# Do you lube cables ?



## Prime (Jan 11, 2014)

I have seen a few comments as to lubing Honda snow blower cables during maintenance. I personally do not lubricate Honda cables (only the end buttons). Honda cables are coated and I feel adding anything to lube the inside is only going to create a build up that will cause trouble over time, a gunk that will prob be negative in cold temps. I have never had cables get sticky. Do you lube your cables? What do you use?


----------



## 43128 (Feb 14, 2014)

no, most cable are dipped or coated with some sort of clear coat to prevent rust on quality machines, though i doubt mtd models are coated. every honda i have worked with has had coated cables


----------



## drmerdp (Feb 9, 2014)

My Honda has rubber bellows that prevent moisture from entering the sheave so I don't bother. For my other machines I spray a little WD40 in to the top of the sheave at the end of the season for good measure.


----------



## UNDERTAKER (Dec 30, 2013)

* Or they are encased in a plastic sheeve. so no don't go a lubeing.k:k:k:k:k:*


----------



## Prime (Jan 11, 2014)

43128 said:


> no, most cable are dipped or coated with some sort of clear coat to prevent rust on quality machines, though i doubt mtd models are coated. every honda i have worked with has had coated cables


Ya MTD is another story. A cable coated with ...looks like a plastic / no outer sleeve. thay run over plastic guide wheels. Simple system. Cables usually dont have a very long life. Most times they break at the button. When I ran MTD blowers I always kept spare cables on hand.


----------



## 524SWE (Jan 20, 2017)

Prime said:


> Ya MTD is another story. A cable coated with ...looks like a plastic / no outer sleeve. thay run over plastic guide wheels. Simple system. Cables usually dont have a very long life. Most times they break at the button. When I ran MTD blowers I always kept spare cables on hand.

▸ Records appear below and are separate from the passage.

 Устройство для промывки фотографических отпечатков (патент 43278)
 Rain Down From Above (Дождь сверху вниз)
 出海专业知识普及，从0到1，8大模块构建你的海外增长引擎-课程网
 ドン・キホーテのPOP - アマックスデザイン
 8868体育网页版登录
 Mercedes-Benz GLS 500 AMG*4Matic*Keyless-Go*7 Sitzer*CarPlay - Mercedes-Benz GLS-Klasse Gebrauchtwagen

Cheap insurance for sure, I do the same.


----------



## 2badknees (Jan 28, 2017)

My Honda choke cable, with liquid/dust caps, locked up this year. For some reason, the rediculously heavy snow fall caused water to enter the the choke cable and it froze.

I don't have a whole lot of faith in claims from manufacturers that oil based lubricant will cause unwanted wear to the cable liners. But, spray silicone, to me, seems a good alternative. I don't want to tic anyone from this site off, but, wd-40 is a cleaner. Nowhere on the can does it say it's a lubricant. It was created to clean electrical contacts.


----------



## justintendo (Jan 2, 2017)

wd40 is a good cleaner, and sucks as a lube.
past few years ive become a big fan of sea foam "deep creep" oil for lubing cables. been using it for a long time on motorcycle cables with great results. i always have a dirt bike set up with studs for winter use so it performs in the cold too. i use it on several throttle cables, clutch cables, brake cables, snow blower/mower cables, etc etc..
deep creep is also an awesome penetrant for unseizing things, and takes heat well. does a much better job than pb blaster.


----------



## BeansBaxter (Feb 17, 2015)

WD-40 is not a lube but it does contain lubricants. It is also performs water displacement, hence the WD in the name.

It was originally created to protect against rust and corrosion for the aerospace industry.


----------



## RAYAR (Mar 7, 2015)

WD-40 works when first applied, but it will dry up and become a sticky mess making things worse than before being applied. I use transmission fluid (especially the older types) for lubricating or as a penetrating oil. Another product I use is Maxfilm, a Royal Purple product, not cheap, but an awesome synthetic lubricant or penetrant.


----------



## JLawrence08648 (Jan 15, 2017)

I'd rather call WD-40 a penetrant than a lubricant, IMO 95% penetrant, 5% lubricant.

Automatic transmission fluid is the same, a better penetrant, a very good cleaner, IMO a very poor lubricant.


----------